Om aan die verplichtingen in de EU te kunnen voldoen, moet de niet-EU leverancier een tussenpersoon aanstellen. Deze tussenpersoon zal in naam en voor rekening van de niet-EU ondernemer de btw-melding doen en btw voldoen. Alleen in het geval dat de niet-EU leverancier gevestigd is in een land waar een overeenkomst voor wederzijdse bijstand is, kan de niet-EU leverancier zonder tussenpersoon aan zijn EU btw-verplichtingen voldoen.
Invoerregeling – voorbeeld
Ik zal de werking van de invoerregeling inzichtelijk maken met een voorbeeld. Een ondernemer uit Australië levert een pakketje van € 50 aan een consument in Nederland.
De Australische ondernemer kan gebruikmaken van de invoerregeling. Er moet wel een invoeraangifte worden gedaan maar hij hoeft over de invoer geen invoer-btw te voldoen. Wel moet hij over de afstandsverkoop aan de Nederlandse particulier, 21 % Nederlandse btw voldoen. Dat doet hij via de OSS aangifte.
Voor het kunnen doen van de OSS aangifte, stelt de Australische ondernemer een tussenpersoon aan.
Post- en koeriersregeling
De logische vraag die u nu waarschijnlijk heeft, is wat er dan gebeurt als de niet-EU leverancier geen gebruik wil maken van de invoerregeling, terwijl elk pakketje een waarde onder de € 150 heeft.
In die situatie is er wél btw verschuldigd bij invoer. Die invoer-btw moet aan de Belastingdienst worden voldaan door de ondernemer die de goederen aangeeft bij de Douane. Dat is meestal een postbedrijf of koeriersbedrijf. Dit post- of koeriersbedrijf rekent dan de invoer-btw en afhandelingskosten door aan de particulier die het pakketje heeft besteld.
De faciliteit die de post- en koeriersregeling biedt is dat het post- of koeriersbedrijf de betaling van de invoer-btw mag opsparen en eens per maand in een elektronische aangifte (een douaneaangifte) voldoet aan de Belastingdienst.
Post- en koeriersregeling – voorbeeld
Een voorbeeld laat deze laatste situatie zien.
De niet-EU leverancier maakt geen gebruik van de invoerregeling. Het postbedrijf moet nu invoer-btw aangeven.
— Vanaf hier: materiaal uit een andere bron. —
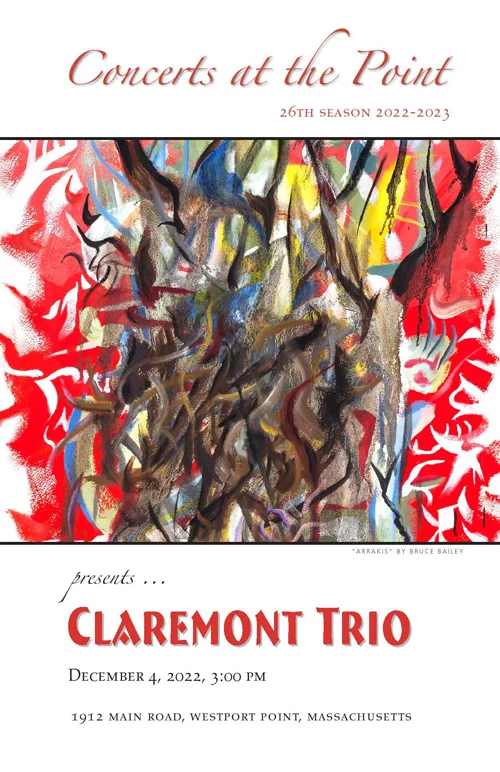 Claremont Trio program cover, season 26.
Het postbedrijf berekent deze btw door aan de particulier waarvoor het pakketje bedoeld is. De particulier moet aan het postbedrijf de btw betalen. Het postbedrijf voldoet de btw aan de Belastingdienst/Douane.
Interfaces / platforms
Verkopen aan consumenten in binnenland en buitenland worden vaak gefaciliteerd door platforms, zoals een digitale marktplaats. Alle soortgelijke platforms worden in het wetsvoorstel Interfaces genoemd.
Doordat de platforms verschillende rollen vervullen, zoals bemiddelaar of commissionair, is lang niet altijd voor alle partijen duidelijk wat de btw-gevolgen van de transacties zijn. Leveranciers, platforms en consumenten weten niet wat hun verplichtingen tegenover de Belastingdienst zijn. En de belastingdienst van welk land eigenlijk? Daarom komt er meer eenduidige en eenvoudige wetgeving.
De leveranciers worden geacht eerst aan de exploitant van het platform de goederen te leveren. De exploitant op haar beurt wordt geacht de goederen door te leveren aan de consument. De term “geacht worden”, duiden we aan met de platformfictie.
De regeling komt voor in twee situaties:
1) Voor afstandsverkopen van pakketjes met een waarde < € 150 van buiten de EU. Dus ongeacht waar het platform is gevestigd.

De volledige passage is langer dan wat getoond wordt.